No. 27A05-9303-CV-93.

Court of Appeals of Indiana, Fifth District.

February 9, 1994.

Ronald J. Waicukauski, Cynthia L. Wodock, White & Raub, Indianapolis, for appellants-defendants.

Michael J. Lewinski, Bette J. Dodd, Ice Miller Donadio & Ryan, Indianapolis, for appellees-plaintiffs.

RUCKER, Judge.

When a dispute arose between the owners of a solid waste landfill and County regulators over the payment of certain disposal fees, the County filed a motion for preliminary injunction seeking to prohibit the owners from accepting any additional waste at the landfill until the fees were paid. The trial court granted the motion and the owners of the landfill now appeal arguing the trial court erred in so doing. We agree and therefore reverse.

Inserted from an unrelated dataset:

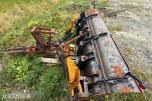 Hydraulisk skjær 250 cm m/ sidevinger og lys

In August, 1990, as part of its long-term plan to reduce quantities of solid waste, the Miami County Solid Waste District and Board of Commissioners of the County of Miami (hereinafter collectively referred to as "the Board") established a Solid Waste Planning Fee to be assessed on each cubic yard of solid waste received at a final disposal facility. The Board exempted from the fee *1238 any solid waste received pursuant to certain pre-existing contracts.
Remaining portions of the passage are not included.